*** EXERCISE MATERIAL Section Begins ***

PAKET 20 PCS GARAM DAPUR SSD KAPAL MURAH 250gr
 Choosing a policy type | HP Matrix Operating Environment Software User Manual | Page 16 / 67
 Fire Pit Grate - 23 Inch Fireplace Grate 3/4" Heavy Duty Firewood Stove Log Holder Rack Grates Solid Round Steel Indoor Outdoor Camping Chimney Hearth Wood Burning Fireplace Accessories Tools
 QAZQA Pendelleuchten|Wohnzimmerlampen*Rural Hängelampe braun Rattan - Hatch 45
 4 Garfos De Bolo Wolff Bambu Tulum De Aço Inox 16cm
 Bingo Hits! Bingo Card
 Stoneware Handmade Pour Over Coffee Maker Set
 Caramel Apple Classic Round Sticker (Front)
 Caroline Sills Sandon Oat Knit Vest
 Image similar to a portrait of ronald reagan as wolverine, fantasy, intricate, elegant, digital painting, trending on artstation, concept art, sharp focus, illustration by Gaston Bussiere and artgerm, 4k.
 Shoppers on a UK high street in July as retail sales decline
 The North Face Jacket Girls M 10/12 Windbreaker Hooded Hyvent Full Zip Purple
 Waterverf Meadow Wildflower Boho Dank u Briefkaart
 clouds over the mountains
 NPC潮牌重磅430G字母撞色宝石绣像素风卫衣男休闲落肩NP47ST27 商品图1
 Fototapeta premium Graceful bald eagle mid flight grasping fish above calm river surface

*** EXERCISE MATERIAL Section Ends ***

TASK TO CARRY OUT:
Return only the number of lines in the data that hold the string "Round".

ANSWER SECTION:
2